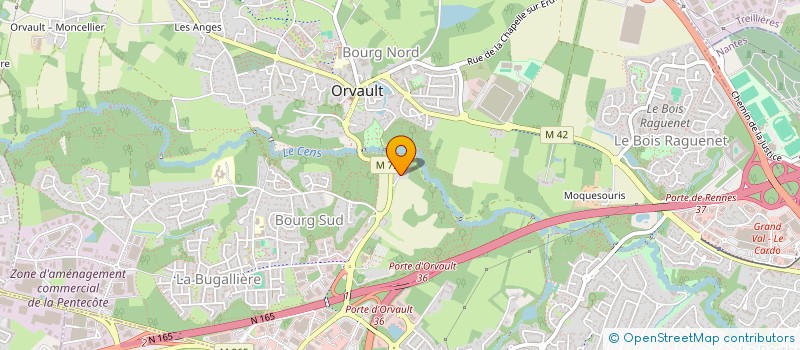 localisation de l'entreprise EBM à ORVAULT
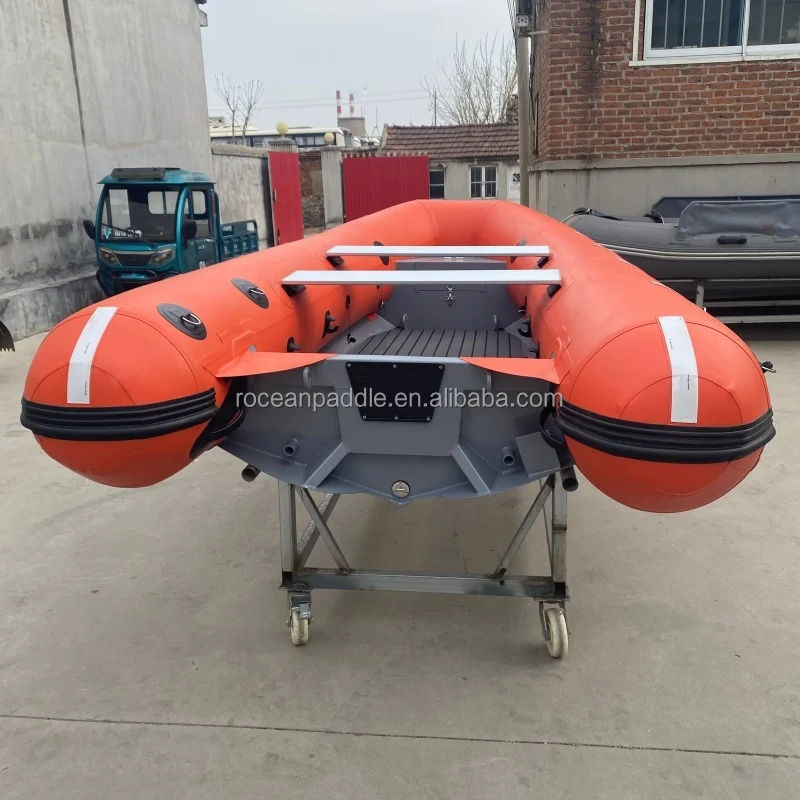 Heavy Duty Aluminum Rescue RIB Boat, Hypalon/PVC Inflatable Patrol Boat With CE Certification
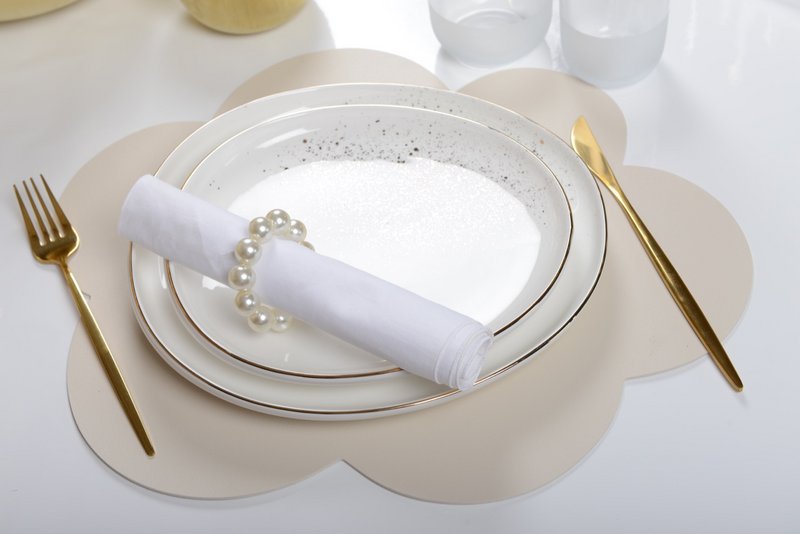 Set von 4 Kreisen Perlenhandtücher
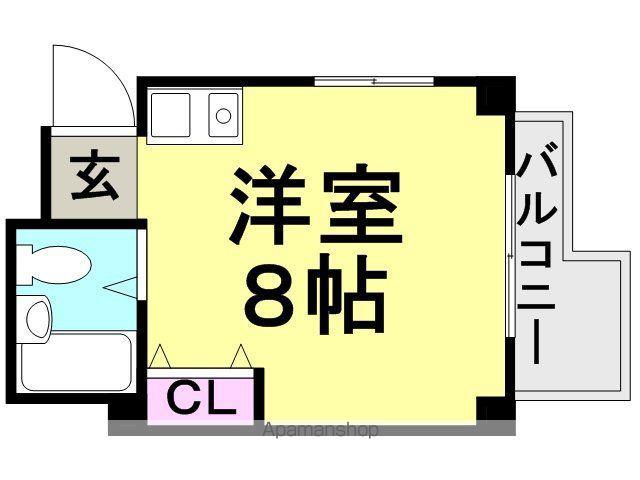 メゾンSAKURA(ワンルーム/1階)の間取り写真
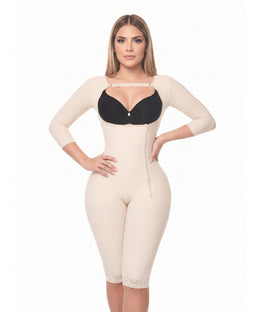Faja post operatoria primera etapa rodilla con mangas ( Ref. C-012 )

• _What you have to do_: Every record above, copied exactly and without a single picture, makes up the answer.

• _Solution to this task_:
 localisation de l'entreprise EBM à ORVAULT
 Heavy Duty Aluminum Rescue RIB Boat, Hypalon/PVC Inflatable Patrol Boat With CE Certification
 Set von 4 Kreisen Perlenhandtücher
 メゾンSAKURA(ワンルーム/1階)の間取り写真
Faja post operatoria primera etapa rodilla con mangas ( Ref. C-012 )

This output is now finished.